# Jump to other code in boot 0



## masghari (Jan 10, 2010)

Is it possible to have some code in a desired location of the hard disk and modify the boot0 code in a way that it jumps to that location, executes the program and returns to it's previous location? I believe there's not much space remained in boot0 to add more commands, but can this be done only using a "call" or is it more complicated then I think?


----------



## Alt (Jan 10, 2010)

You must load 'desired location of the hard disk' into memory before..


----------



## Beastie (Jan 10, 2010)

Of course you can, but the entire code must be in the first, unused, track or else you may overwrite something important in your filesystem or the system may later overwrite your code. In brief:
1. Move some of the boot0 code to your own boot0bis.
2. In the now free space in boot0, add BIOS code to read* boot0bis into a free memory location** and a jmp to that location.
3. In boot0bis, run the boot0 code you've previously moved, and at the end, add a jmp to jump back to boot0's memory location (0x600).


* /usr/src/sys/boot/i386/boot0/boot0ext.S already contains such code at line 350.
Check Ralf Brown's Interrupt List for more information on int 0x13, function 2.

** Make sure you don't overwrite anything vital (e.g.
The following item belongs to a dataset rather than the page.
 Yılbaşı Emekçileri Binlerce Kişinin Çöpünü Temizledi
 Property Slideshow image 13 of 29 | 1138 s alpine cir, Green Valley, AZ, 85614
IDT, GDT, etc.)
You can get a small memory map for FreeBSD at the beginning of /usr/src/sys/boot/i386/boot2/boot1.S (*Memory Locations* comment).


----------



## aragon (Jan 11, 2010)

masghari said:
			
		

> I believe there's not much space remained in boot0 to add more commands


The whole point of boot0's design is to make it fit in 446 bytes.  Of course it is possible to make a boot loader jump to another location on the disk, but if you're considering labouring through adding that functionality you should know that there are already a few boot loaders like sysutils/grub that work precisely like that.


----------